▶ [Input records]:
▼

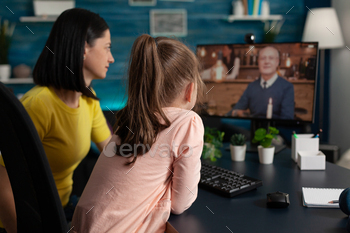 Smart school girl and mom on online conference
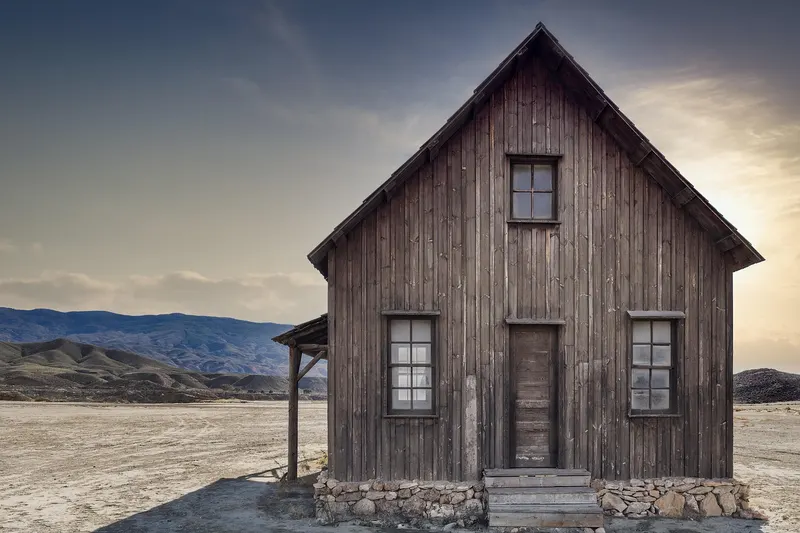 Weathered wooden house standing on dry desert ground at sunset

▲
▼

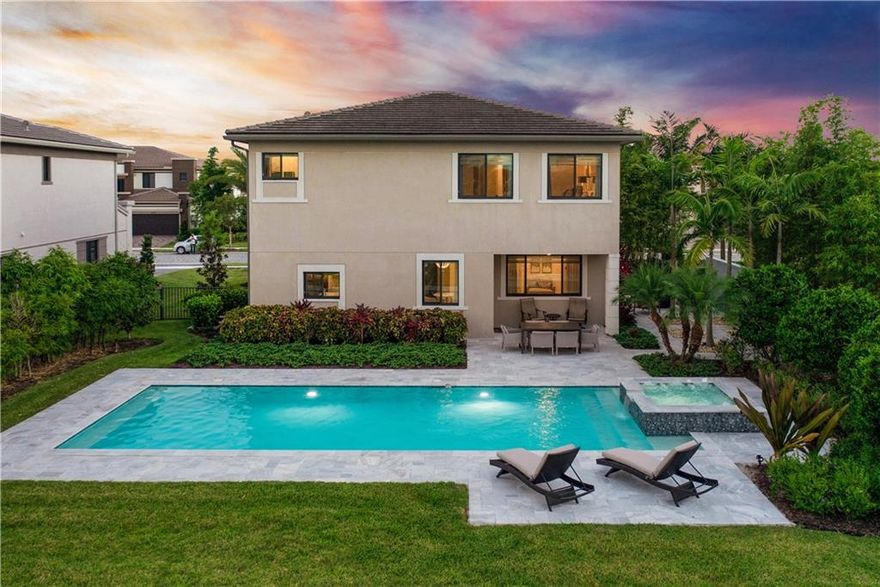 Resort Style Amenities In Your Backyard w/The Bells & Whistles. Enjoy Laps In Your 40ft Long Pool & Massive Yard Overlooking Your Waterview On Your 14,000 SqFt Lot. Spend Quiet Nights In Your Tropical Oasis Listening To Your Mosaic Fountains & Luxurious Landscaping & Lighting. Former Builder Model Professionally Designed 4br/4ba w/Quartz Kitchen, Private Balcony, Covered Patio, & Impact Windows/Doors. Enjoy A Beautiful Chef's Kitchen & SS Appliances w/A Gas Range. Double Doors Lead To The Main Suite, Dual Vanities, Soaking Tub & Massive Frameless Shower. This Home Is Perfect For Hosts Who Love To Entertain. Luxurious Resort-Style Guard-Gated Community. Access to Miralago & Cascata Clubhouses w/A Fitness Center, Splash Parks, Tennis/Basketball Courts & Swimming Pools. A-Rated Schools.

▲

▶ [Assigned task]:
What belongs in the answer is each line above from the line with "Smart school girl" to the line with "Weathered wooden house", inclusive, reproduced exactly and free of pictures.

▶ [Exercise answer]:
 Smart school girl and mom on online conference
 Weathered wooden house standing on dry desert ground at sunset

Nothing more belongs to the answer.